2

I have a massive text file that I have to manually parse. There really is no other way but to iterate over it.

I'm grabbing each of the lines in the file and .split(" ") them to get the individual components - some are int arrays, others are char arrays, and some other are actual text strings.

The text strings are causing me a headache because sometimes they have a space in there.

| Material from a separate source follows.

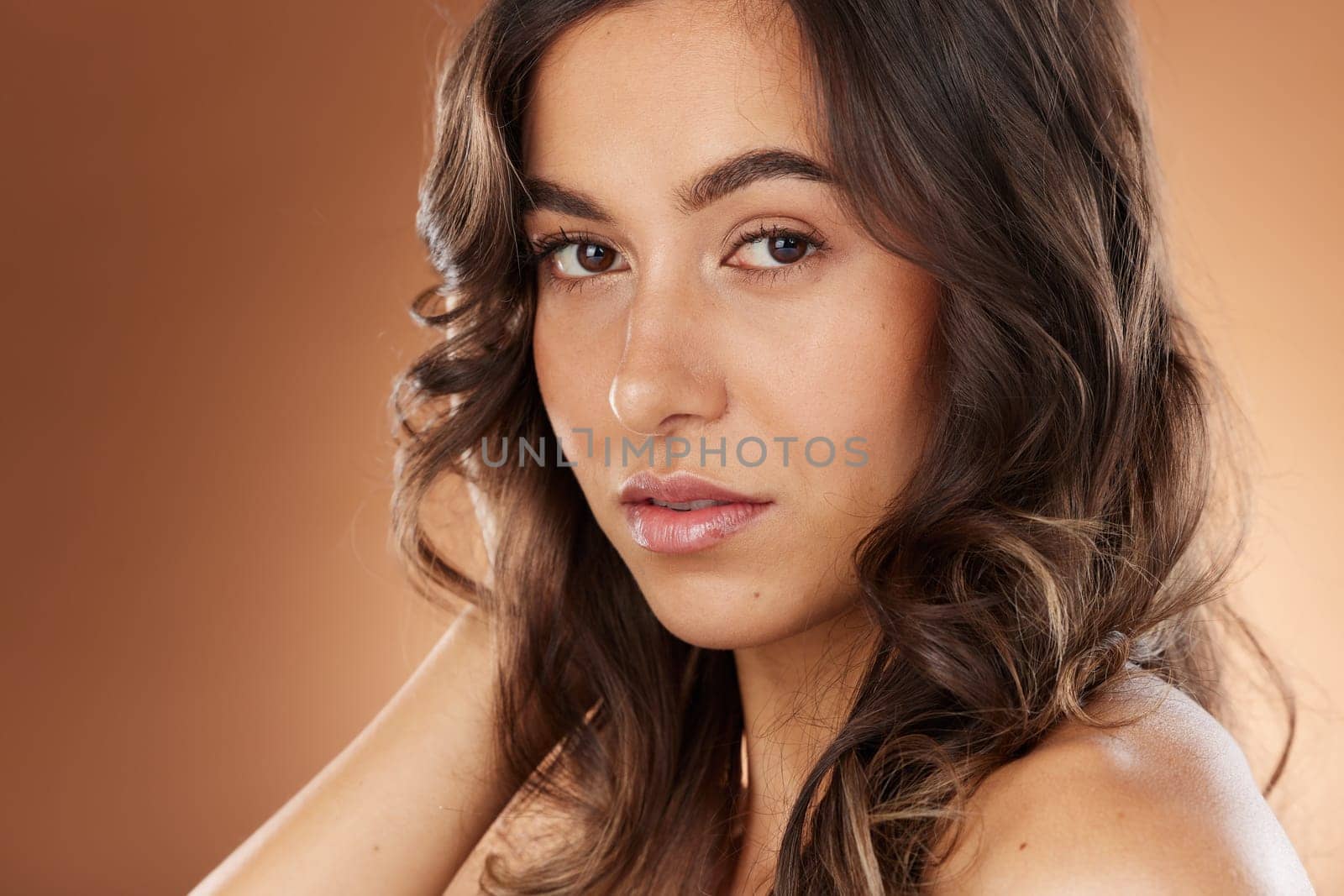 Woman, face skincare or curly hairstyle on studio background in Brazilian keratin treatment, self love or healthcare wellness. Portrait zoom, brunette color or beauty model and natural texture waves by YuriArcurs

An example line is something like:

String strLine = "Identifier {2 4 \"#0# == \\\"This String\\\"\" 12 21 6}

When I do the following:

String[] strParts = strLine.split(" ");

The resulting output is a String array that has String values of:

Identifier,{2,4,"#0#,==,\"This,String\"",12,21,6}

I need the output to be:

Identifier,{2,4,"#0# == \"This String\"",12,21,6}

So I'm pondering if there is a different whitespace character I can apply to the String inside the quotes prior to executing the split().

Anyone know of one?

I also considered diving into RegEx, but I haven't worked with RegEx enough to be able to formulate the logic around the split properly - Split on space unless that space is between the first and last quote".

Thx.

[Update]

I am adding this here because the formatting of code in replies is not optimal.

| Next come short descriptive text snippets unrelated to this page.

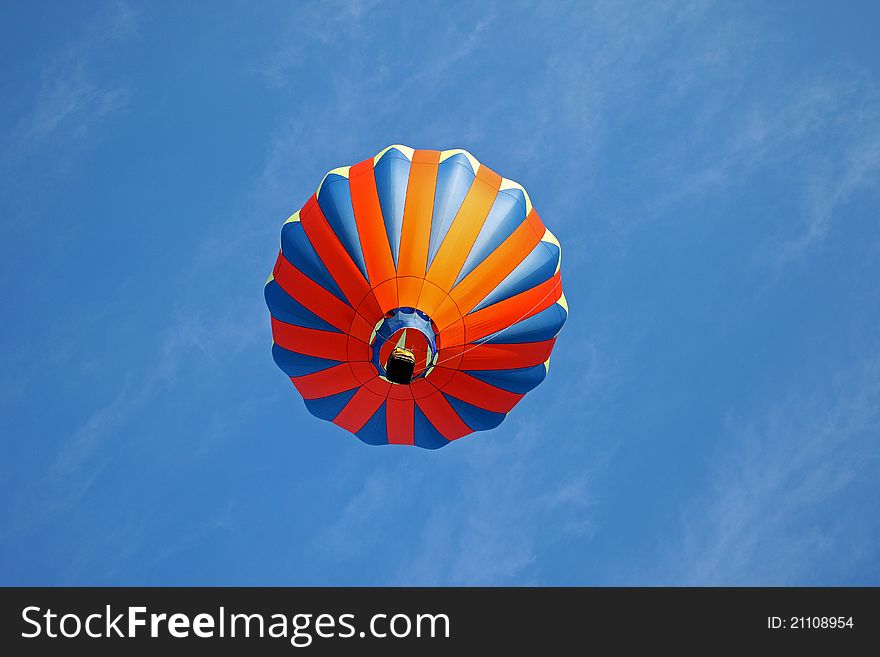 Hot air balloon on light blue background with red blue and yellow highlights. Hot air balloon on light blue background with red blue and yellow highlights.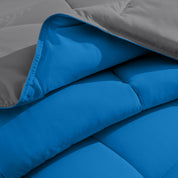 Close up of the reversible comforter showing the box stitching and the two colors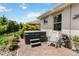 Inviting backyard with hot tub, brick patio, and well-maintained landscaping for relaxation and outdoor enjoyment at 3378 Sagebrush St, Harmony, FL 34773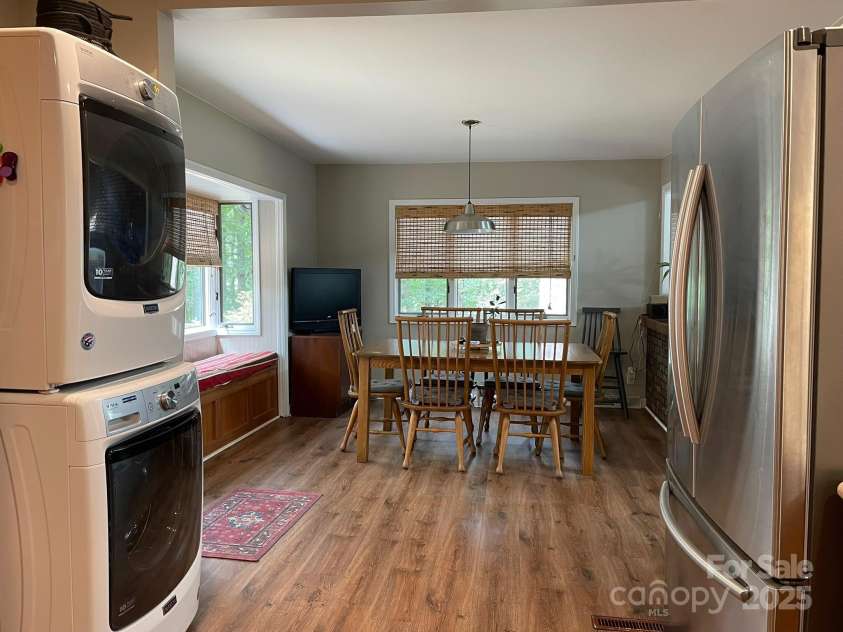 5434 Beckhaven Lane, Charlotte, NC 28216.  MLS# CAR4330987, YatesRealty ID 3175. Kitchen with stackable washer dryer and fridge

String strLine = "Identifier {2 4 \"#0# == \\\"This String\\\"\" 12 21 6}";

String delim = "§"; //use the Section Sign as a delimeter

    StringBuilder sb = new StringBuilder();
    //first part
    sb.append(new String(strLine.substring(0,strLine.indexOf("\""))));

    //middle part
    sb.append(new String(strLine.substring(strLine.indexOf("\""),strLine.lastIndexOf("\""))).replace(" ", delim));

    //last part
    sb.append(new String(strLine.substring(strLine.lastIndexOf("\""))));

    //make array
    String[] parts = sb.toString().split(" ");

I'll need to replace those delimeter chars later on but at least it does what I need it to now.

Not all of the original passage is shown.